* TASK *
Only the lines from the one with "CAMIóN 2017 FREIGHTLINER" through the last line of the material below belong in the answer, copied exactly and without pictures.
*** Opening EXTRACTED ENTRIES ***
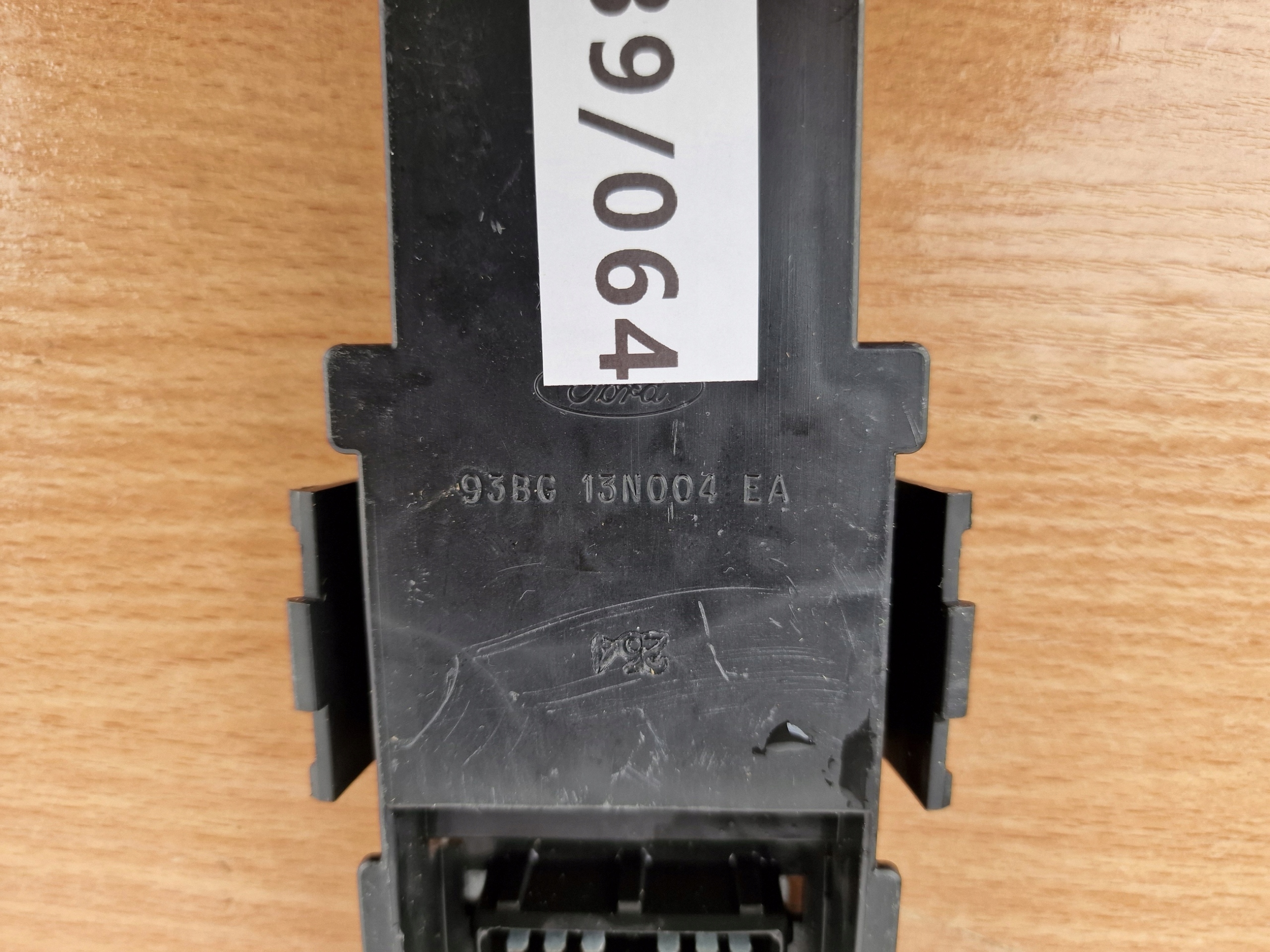 FORD MONDEO MK1 MK2 KOMBI light housing left rear part OE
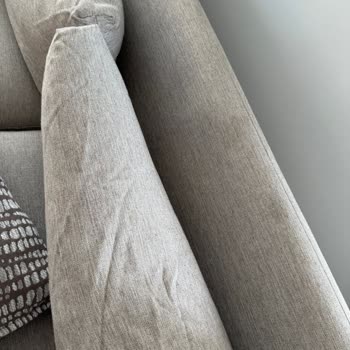 Blueground Dairede Temizlik Eksikliği Ve Eski Eşyalar Nedeniyle Yaşanan Mağduriyet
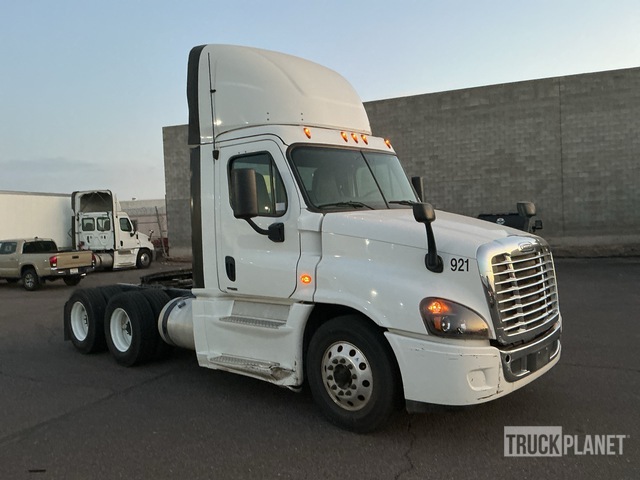 CAMIóN 2017 FREIGHTLINER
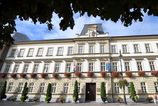Ustavny sud prijal staznost k odmietnutemu referendu o sankciach voci Rusku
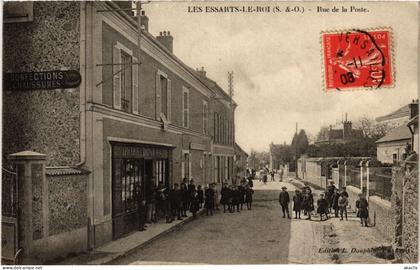 CPA Les ESSARTS-le-ROI - Rue de la Poste (246361)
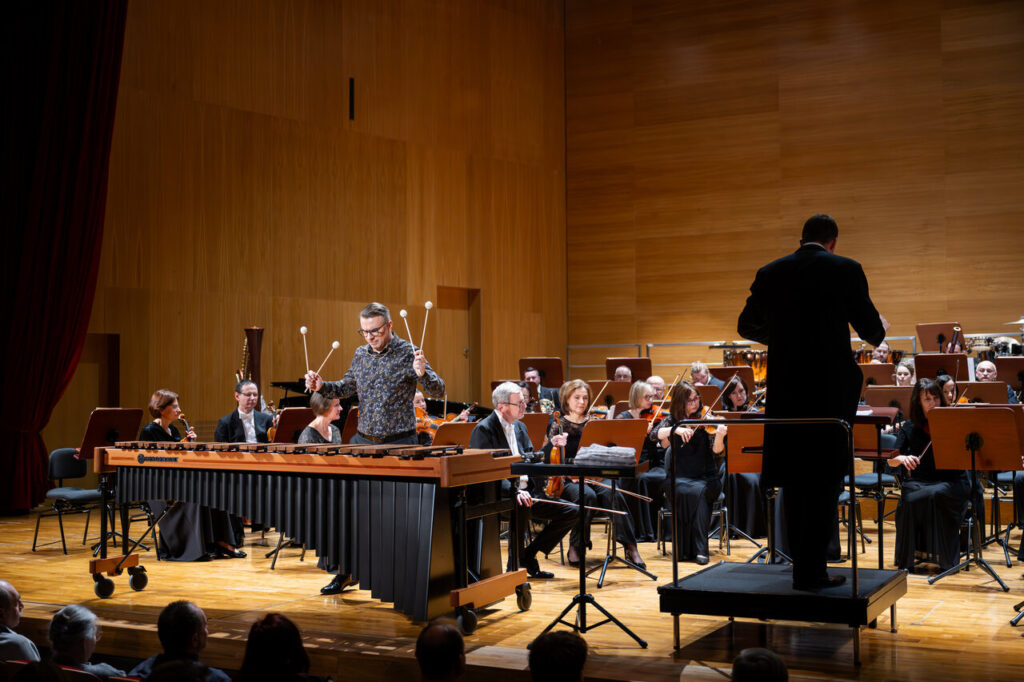 Jacek Rzym (marimba) i Orkiestra Symfoniczna Filharmonii Podkarpackiej pod batutą Jiri Petrdlika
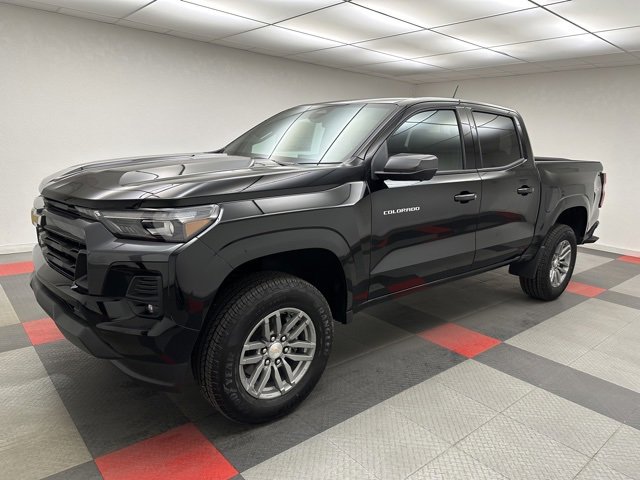 2026 Chevrolet Colorado LT photo 2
*** Closing EXTRACTED ENTRIES ***
* SOLUTION TO THE PROBLEM *
 CAMIóN 2017 FREIGHTLINER
Ustavny sud prijal staznost k odmietnutemu referendu o sankciach voci Rusku
 CPA Les ESSARTS-le-ROI - Rue de la Poste (246361)
 Jacek Rzym (marimba) i Orkiestra Symfoniczna Filharmonii Podkarpackiej pod batutą Jiri Petrdlika
 2026 Chevrolet Colorado LT photo 2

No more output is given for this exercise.